I agree with you about this book. It's kind of funny, but definitely lacks depth. Seems a little amateurish to me.

message 9: by Shelly (new)

Shelly Well said, RA. Although, in defense of Vowell she's not all about quirk and obscure pop culture references, she's more of a history nerd (to me anyway). But I think you've hit onto something here in that this genre may be getting a bit old.

That is, until my book comes out. Wait til you all discover what a bitch my mom was!

message 10: by Hundeschlitten (new)

Hundeschlitten Well skewered, Tony. I know that you like these folks, but you get to the heart of why there's a lot less to most of these postmodern memoirs than meets the eye. It's a lot like in the 1980's, when the book industry found a way to repackage an indulgent youth culture and sell it to folks as literature. Ellis/McInerney/Janowitz: where are they now, other than in the $1 bargain bin at your local resale shop?
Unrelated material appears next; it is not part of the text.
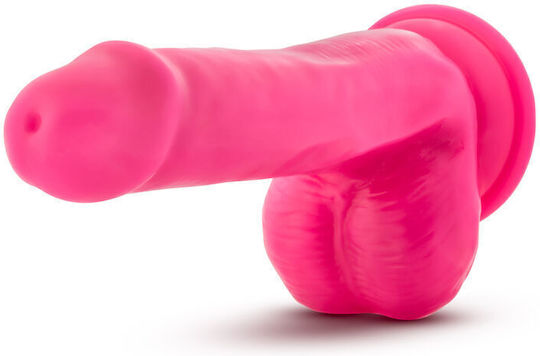 Blush Realistisches Dildo mit Hoden und Saugnapf Rosa 15cm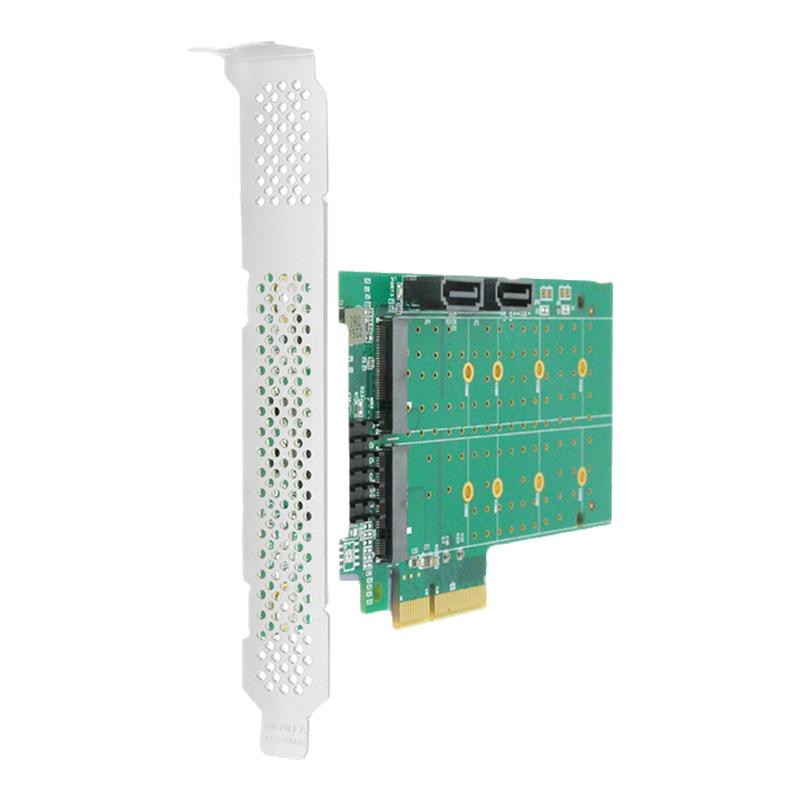 Linkreal 磁盘阵列卡 PCIe x4转2口M.2 + 2口SATA Marvell9230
I think the same will be said for all of those you referenced above (other than Burroughs, who I don't think fits on the list). This from someone who has a soft spot for Vowell and will probably be going to her reading in Chicago in a couple of weeks, so I'm as susceptible to their marketing stratagems as any. I guess it's OK to get your literature from public radio, but if you ever catch me playing any of the music being hocked on NPR, just shoot me on the spot and put me out of my misery.

RandomAnthony James!

Yeah, it's hard to express, but I do like Sedaris, Vowell, etc. and I really like Klosterman, but the formula is becoming so clear that some of the fun is disappearing. It's like you can see the book publishers saying..."add a little Klosterman...oh, and maybe make it sound kind of like Sex in the City...can you do that and still be hip? Ask the girl in the copy room, the one who goes to clubs at night, she'll know..."
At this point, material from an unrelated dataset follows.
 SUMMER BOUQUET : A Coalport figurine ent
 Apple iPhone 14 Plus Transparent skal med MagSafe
I will shoot you if you start talking like Ira Glass. Consider it a public service.

Sarah Good review. I agree completely. She tries to make her completely normal ordinary upbringing into something worth mining for a book, but most of the chapters would work better as anecdotes told to friends. David Sedaris does it much better.

RandomAnthony Thanks, sir...:)

message 14: by Vic (new) - rated it 1 star

Vic Great title! The book? uh, not so much... Great review!

Aviva Awesome review, and much funnier than 98 percent of the book. :)

RandomAnthony THanks, Vic and Aviva!

message 17: by Rika (new)

Rika excellent, very funny review. Meanwhile, I'm going to have to completely revise my current attempt at a semi-autobiographical comical novel. (sigh)back to the writing board.

RandomAnthony Ha, Rika, no, don't change anything, you'll be a star:)

message 19: by [deleted user] (new)

Okay, so I found this review and it is astute and hilarious. I'm enjoying the book so far, but after reading this, if I were Miss. Crosley I'd slit my wrists.

therwiterkelly #7, hahaha

message 21: by Bodi (new) - added it

Bodi Spot on. Sounds like Lena Dunham also read your guide before writing her memoir.

message 22: by Neha (new)

Neha So true!. Reading this review was better than a few "funny" memoires I have read!

Nenia *The Flagrant Liberal* Campbell This was hilarious. And yeah, this collection was really bottom-heavy...was surprised at how much better the essays on the end were.